Jacob Weisberg gives us a Slate piece that tries to ask the meta-question not so much about how catastrophic Bush’s mistakes in office were… but about how the mistakes were made. As Weisberg notes, right now, it’s virtually impossible to name so much as a single area in which Bush left things better than he found them, capped with the triple threat of disasters looming: a bogged down war in Iraq, a world-wide so-called “war on terror” that has debased our standing in the world and yet still managed not to capture one guy, and fiscal mismanagement of a scale heretofore unprecedented in human terms that has led us to the financial precipice we are now in. We won’t even talk about Katrina, the environment, or what state “the education president (TM)” has left children with “no child left behind.” Or, of course, the torture. No, no, no. Or Guantanamo Bay, of which today is ignominiously the seventh anniversary.
One possible exception to Bush’s dynasty of doom, is, as The Onion noted, that things got so bad, that at least the genuine social progress of electing a Black man to the Presidency became possible. But that’s it… other than being good at creating disaster, this is not a man who succeeded at anything in his entire life other than getting Poppy to get his friends to bail him out… and unfortunately, it’s no longer Junior who needs bailing out, but the 300,000,000 of us, and even Poppy’s friends just ain’t that rich.
With around 10 days left of the debacle known as the Bush Administration, Weisberg goes beyond merely cataloging the disasters and asks what kind of deranged ideology would enable not a mere mediocrity, but an unqualified legacy hire hack to take command and then ram our ship of state into the ground over and over again… and then go full astern… and then ram it aground again. Weisberg asks about the specifics, given how secretive the Bush Administration, of specifically why, how, and by whom such decisions were made, and when we may ever learn the specifics.
With due respect to Mr. Weisberg, the answers are either that we know already– the ideology is the good old Reagan legacy of telling us government doesn’t work and then making it a self-fulfilling prophesy by filling government with cronies and hacks– or else… who cares? In the end, for example, we must note that the Vice President has no Constitutional authority or power to do anything… that the Decider defaulted and dithered, and Cheney simply acted to fill the vacuum… is the responsibility of the Decider, and not Cheney… or Rice… or Tenet… or Laura or Barney the dog, for that matter. Whether the Decider “decided” by affirmatively trying to make intentionally bad decisions, by being an incompetent and making bad decisions because he was unqualified for office, George W. Bush gets to take full credit blame for everything that happened on his watch, from Abu Ghraib to Zimbabwe.

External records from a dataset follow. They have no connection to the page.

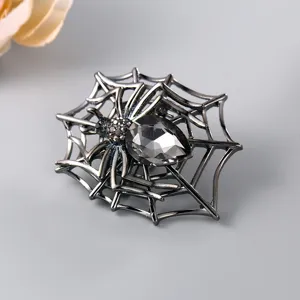 Vintage Rotguss Legierung Spinne Netz Brosche Mit Birnenschliff Strass Kristall Gothic Insekt Reversnadel Für Anzug Kleid Zubehör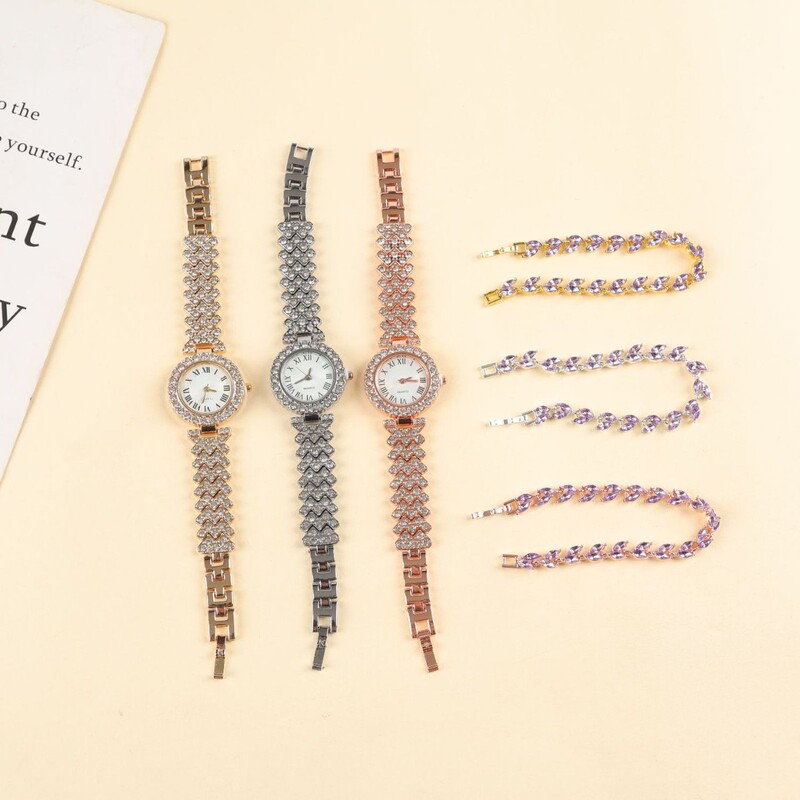 New Diamond-Encrusted Light Luxury Ladies Bracelet and Jewelry Combination Cross-Border Hot Sale Fashion High-End Bracelet Manufacturer Wholesale
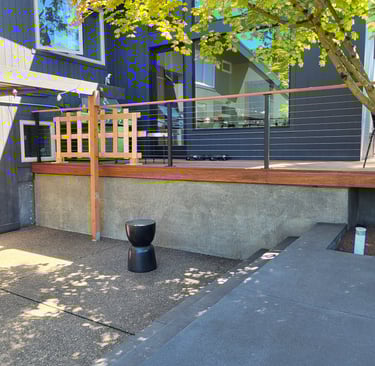 hardwood deck with stainless steel cable rail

By rights, George W. Bush [and, for enabling him to be President by legacy, George H.W. Bush] should both be stripped of their presidential pension and Secret Service detail and any other privileges and emoluments of office, and they should be forced to live out here, in the country they have wrecked… with the rest of us. But that’s not how we do things here in America, of course.

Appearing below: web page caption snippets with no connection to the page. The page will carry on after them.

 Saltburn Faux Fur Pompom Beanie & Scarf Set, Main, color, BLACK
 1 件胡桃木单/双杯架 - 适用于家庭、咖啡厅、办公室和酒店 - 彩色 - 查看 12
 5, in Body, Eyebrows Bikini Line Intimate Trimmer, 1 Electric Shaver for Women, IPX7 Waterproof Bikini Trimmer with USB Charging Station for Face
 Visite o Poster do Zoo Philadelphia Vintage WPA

A wise man recently pointed out to me that the human condition is such that accountability requires patience: the Bushmen, led by George W. Bush himself, will not be brought to account quickly… if they are brought to account at all, a slow, painstaking process of data gathering must first occur, and eventually, maybe, some of them will be treated as Pinochet-Pariahs in their old age, before God gets to give them their final reward. We can only hope that such will eventually be… the Bush legacy, and that we will live long enough to see it.